Some businesses argue that Congress should not derail the growth in low-wage jobs by raising the federal minimum wage from $7.25 an hour to $9 or more, as proposed by President Obama. "For every 10 percent increase in the minimum wage, estimates show employment may fall as much as 6.6 percent for young black and Hispanic teens ages 16 to 19," according to the Employment Policies Institute, which is backed by the restaurant industry.

The Other Side: Low-wage workers are concentrated in restaurant work and low-end retail. If those workers had more money to spend, they would buy more food, gasoline, clothes and other goods. That higher demand would stimulate the economy and lead to even more job creation, the argument goes. "Every time we raise the minimum wage, employment goes up. The economy gets stronger," Sen. Tom Harkin, D-Iowa, said Tuesday as he unveiled his legislation to raise the wage.

3. Fewer Are Looking For Work

One Side: The job market is weaker than we'd like to believe because millions of Americans have given up on finding jobs.
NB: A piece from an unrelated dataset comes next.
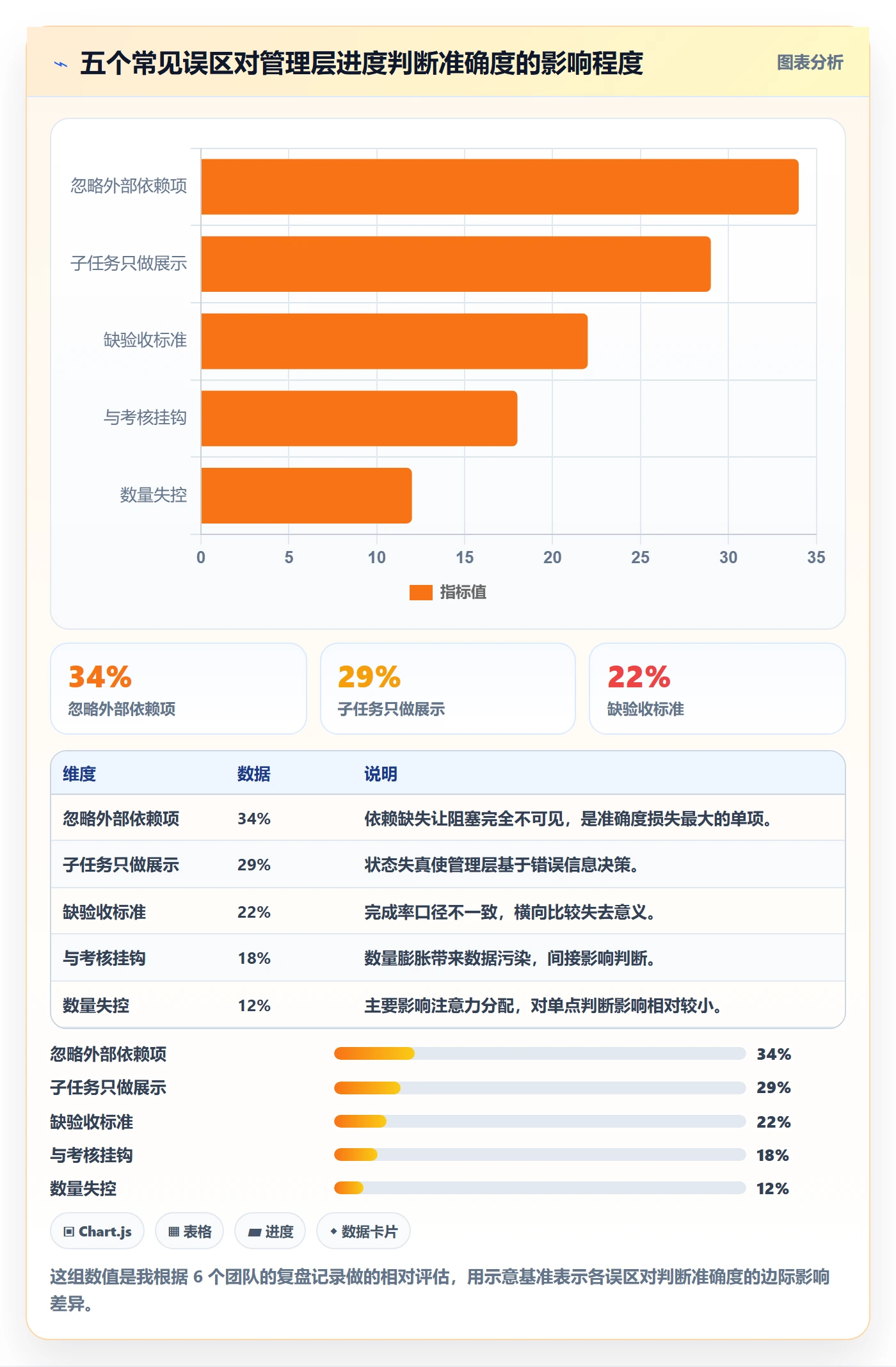子任务实操方法:管理层提升任务管理效率的实操方法方法与模板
Last month, only 63.5 percent of adults were in the labor market, down from 63.6 in January, and from 63.9 in February 2012, seasonally adjusted.

"Most of the reduction in unemployment from its 10 percent peak in October 2009 has been accomplished through a significant drop in the percentage of adults working or looking for work," said Peter Morici, an economics professor at the University of Maryland. "Were the participation rate the same as when President Obama took office, it would be about 10.9 percent."
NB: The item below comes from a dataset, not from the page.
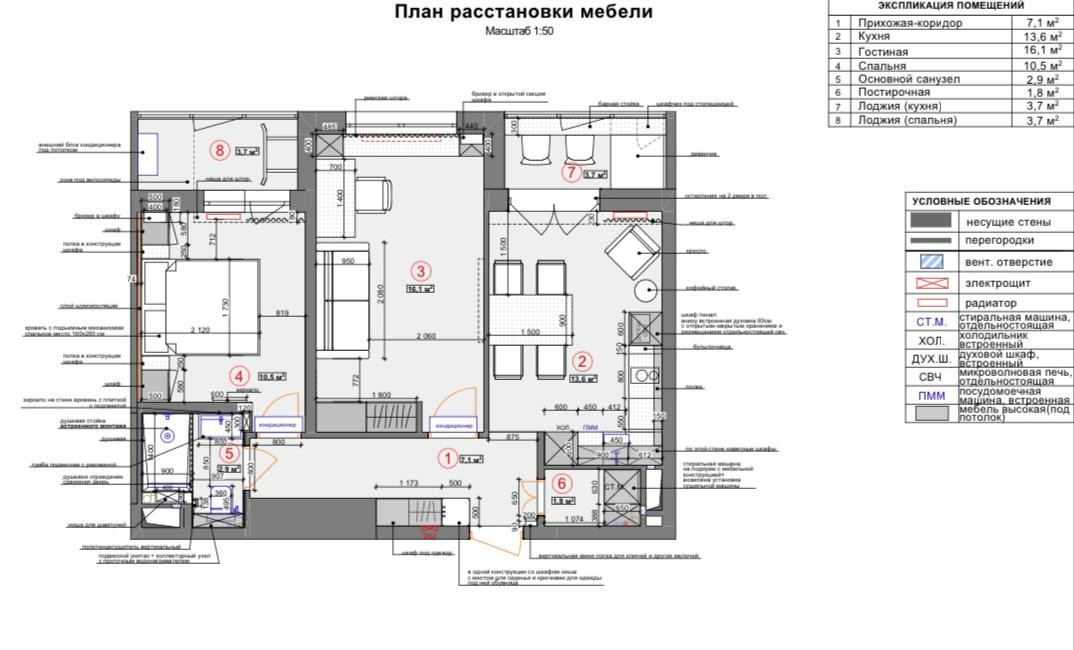 ЖК "Аквилон Залив"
The Other Side: The job market could turn out to be stronger than expected this year because housing is perking up so quickly. "Construction stands out, adding 48,000 jobs, its best month in nearly six years," said Nigel Gault, chief U.S. economist for IHS Global Insight.

4. Wages Are Growing

One Side: Average hourly earnings rose 4 cents to $23.82 in February, up 2.1 percent from a year earlier. That's more than the 1.6 percent rise in the Consumer Price Index over roughly the same time. With wages outpacing inflation, the outlook is bright for consumer spending.

The Other Side: Consumers are still overwhelmed by old debts, so it may be a long time before they can afford shopping sprees. "We still haven't made the reversal in course necessary to start actually paying down what we owe," said Odysseas Papadimitriou, head of CardHub, a credit-card research site. A new CardHub study shows consumers ended 2012 with $36.2 billion in new debt, piled on top of the old bills.

5. Rising Jobs Bode Well For Stocks

One Side: After the jobs report was released Friday morning, stocks continued rising, with the Dow Jones industrial average setting new records.

Many analysts say things are looking up for stocks — corporate earnings are strong, borrowing costs are low, and consumer demand is perking up. This year, housing, autos, agriculture, banking, manufacturing and many other sectors are going to generate strong profits and send share prices even higher, they say.

The Other Side: The Federal Reserve has been keeping interest rates super low, making it easier for people to buy homes and cars and for businesses to expand. But if Fed policymakers see the economy improving too quickly, they could change course and start nudging up interest rates. That would make investments in bonds more attractive, possibly prompting investors to shift money back away from stocks.